▶ [PROVIDED DATA]

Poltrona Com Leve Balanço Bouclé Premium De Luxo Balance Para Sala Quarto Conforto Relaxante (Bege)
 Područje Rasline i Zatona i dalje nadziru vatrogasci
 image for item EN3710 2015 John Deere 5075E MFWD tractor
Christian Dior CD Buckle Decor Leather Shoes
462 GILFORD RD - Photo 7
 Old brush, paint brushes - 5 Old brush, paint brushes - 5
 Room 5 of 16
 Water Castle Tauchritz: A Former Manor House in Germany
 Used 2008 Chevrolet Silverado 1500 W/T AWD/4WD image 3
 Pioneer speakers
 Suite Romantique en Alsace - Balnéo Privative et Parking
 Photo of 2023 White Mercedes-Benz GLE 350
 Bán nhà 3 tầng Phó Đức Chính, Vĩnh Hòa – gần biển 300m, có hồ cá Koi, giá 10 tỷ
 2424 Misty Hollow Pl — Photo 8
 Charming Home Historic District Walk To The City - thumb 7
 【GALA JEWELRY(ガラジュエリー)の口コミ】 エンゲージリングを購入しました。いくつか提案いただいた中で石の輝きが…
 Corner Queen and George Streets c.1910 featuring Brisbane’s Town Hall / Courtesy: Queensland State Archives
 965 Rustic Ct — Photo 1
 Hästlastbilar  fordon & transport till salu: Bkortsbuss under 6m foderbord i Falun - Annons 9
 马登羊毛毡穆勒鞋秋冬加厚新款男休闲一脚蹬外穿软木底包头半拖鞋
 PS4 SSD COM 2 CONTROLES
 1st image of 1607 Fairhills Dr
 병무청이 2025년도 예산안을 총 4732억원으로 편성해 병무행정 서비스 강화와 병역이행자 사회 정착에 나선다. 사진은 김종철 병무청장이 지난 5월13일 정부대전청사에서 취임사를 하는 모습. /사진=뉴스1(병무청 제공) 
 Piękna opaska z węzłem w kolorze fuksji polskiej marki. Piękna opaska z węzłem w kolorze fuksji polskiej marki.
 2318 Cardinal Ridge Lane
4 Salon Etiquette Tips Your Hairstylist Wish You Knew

▶ [WORK REQUEST] Go through the listing above and pull out each line containing the word "Photo".

▶ [SOLUTION TO THE PROBLEM]
462 GILFORD RD - Photo 7
 Photo of 2023 White Mercedes-Benz GLE 350
 2424 Misty Hollow Pl — Photo 8
 965 Rustic Ct — Photo 1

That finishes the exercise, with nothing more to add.